Arts & Entertainment, Sports

Picking Splinters: Gimme The Good Stuff

Sometimes I just think the world of sports is messed up.

I’m not just talking about the illogical stuff — like the Orioles firing manager Sam Perlozzo only to temporarily replace him with bullpen coach Dave Trembley. This when the bullpen perhaps has failed the team worst of all en route to a record of 29-40 heading into Tuesday.

I’m not just talking about the unusually odd either — like when Redskins’ top draft choice LaRon Landry missed time at last week’s minicamp after he was shot in the groin by a teammate during a “team-building” game of paintball.

I’m talking about strip club shootings. I’m talking about dog fighting. I’m talking about cheaters and drug users and intoxicated drivers.

Forget those first items about Trembley and Landry. Those are just bizarre, like an episode of “Jerry Springer” during sweeps week … or any week. This other stuff is the sort that makes it onto “America’s Most Wanted.” And it’s this felony-caliber material that has comprised most of the big sports headlines of late.

Maybe this is another instance of my semi-regular residency in the Ivory Tower of sports journalism, but this streak has me wondering — Is this news the best we’ve got?

It’s not that Michael Vick’s dogfighting dacha isn’t news, but do we really need to follow it so closely? Let’s think outside of convention for a second.

It’s no secret that people crave bad news. We like the rich and famous, but not nearly as much as when they fall on their faces. If it bleeds, it leads for a reason. Namely because readers buy it. The paparazzi wouldn’t stalk celebs if consumers didn’t suck up their dirt in the supermarket checkout line. And the sports media is following suit. You only have to look at a segment on ESPN devoted to Paris Hilton’s return to prison to see that.

It feels like the bar is getting lower and lower and rather than question the trend, everyone is doing the limbo to try to get under it.

But what if we forgot about the villains every once and a while and focused on the heroes a little more. What if we put a hold on the head cases and rolled more role models. Role models like Jason Simmons of the Houston Texans.

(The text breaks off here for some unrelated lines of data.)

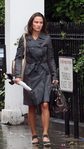 Pippa Middleton con trench en Londres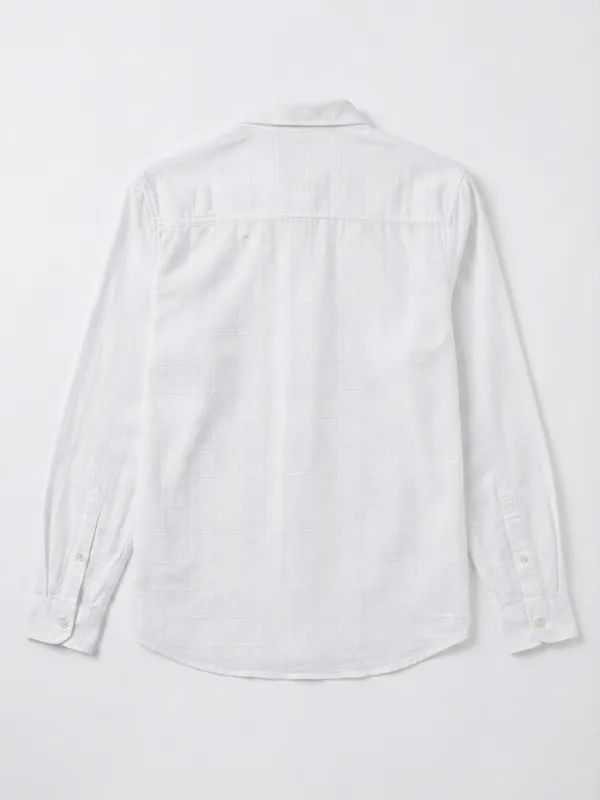 Highlander Men White Self Design Slim Fit Casual Shirt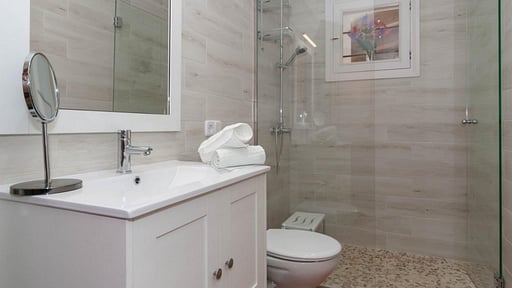 Villa Rufous Bedroom 2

When Ahman Green came over from the Packers to the Texans he wanted to “buy” the No. 30 jersey (Green’s lucky number with Green Bay) away from the veteran Simmons. Instead of asking for a Rolex, or a Range Rover or enough cash to “make it rain,” Simmons told Green to cough up a downpayment so a single-parent family could purchase a new home.

Yeah, that’s a great idea. And yeah, that’s a great story. Thank God that Sports Illustrated’s Rick Reilly, who is great at unearthing these sort of gems, took the time, and the ink, to share it.

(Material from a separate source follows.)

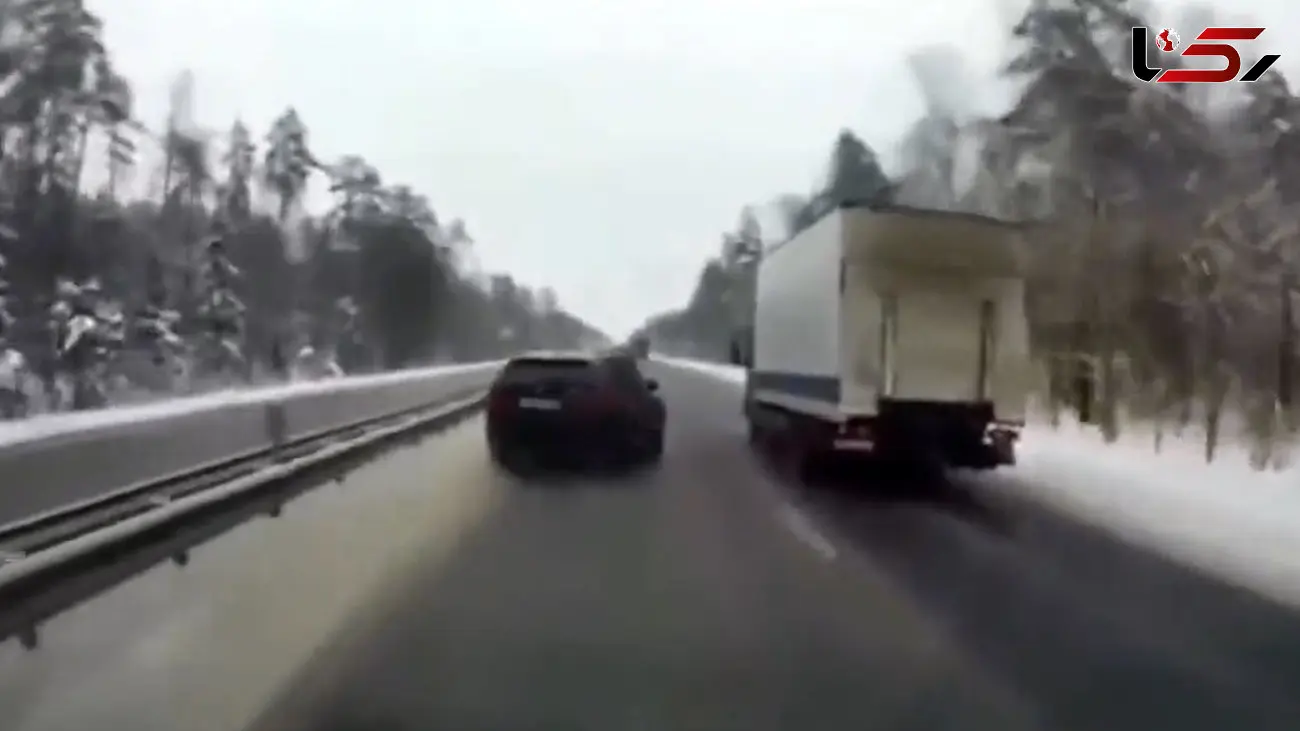 ببینید / تصادف راننده با سرعت زیاد با کامیون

I feel that the planet established long ago that the sports world is one of entertainment. It’s about exchanging money to watch athletes play games that we loved as children, and play them better than we could ever imagine. For saps like me, there are other elements of enjoyment in athletics: the thrill of victory, working with teammates towards a common goal, building character through competition, expounding anecdotes from games into anthologies of life lessons bearing a title prefixed by “Chicken Soup.” There is a value to stories like Reilly’s that I truly believe makes this world a better place … at least from up here on my ivory perch.

This other stuff — which I’ll summarize under the all-encompassing title of “The Bengals” — does this really even matter?

Can you name the last druggie whose dime-bag bust was covered on the six o’clock news? How about the last businessman in your city to get bagged on a DUI? I doubt it. But when you switch those names with star athletes, we lap it up. This is excitement for most people. This is entertainment. I, however, think we can do without it.

Hard news about killers and warlords and terrorists and presidential debates — that affects our lives and those of our families. That’s important. Sports are entertainment. They are a luxury. Here we can afford to look away from this stuff and onto something more worthwhile. So why don’t we?

If we cut back on the coverage of some of these celebrity criminals, what’s the worst that can happen? A bad week for someone’s fantasy football team? But if we shine the spotlight in a different direction, onto stories like that of Green and Simmons, then who knows what else we might find.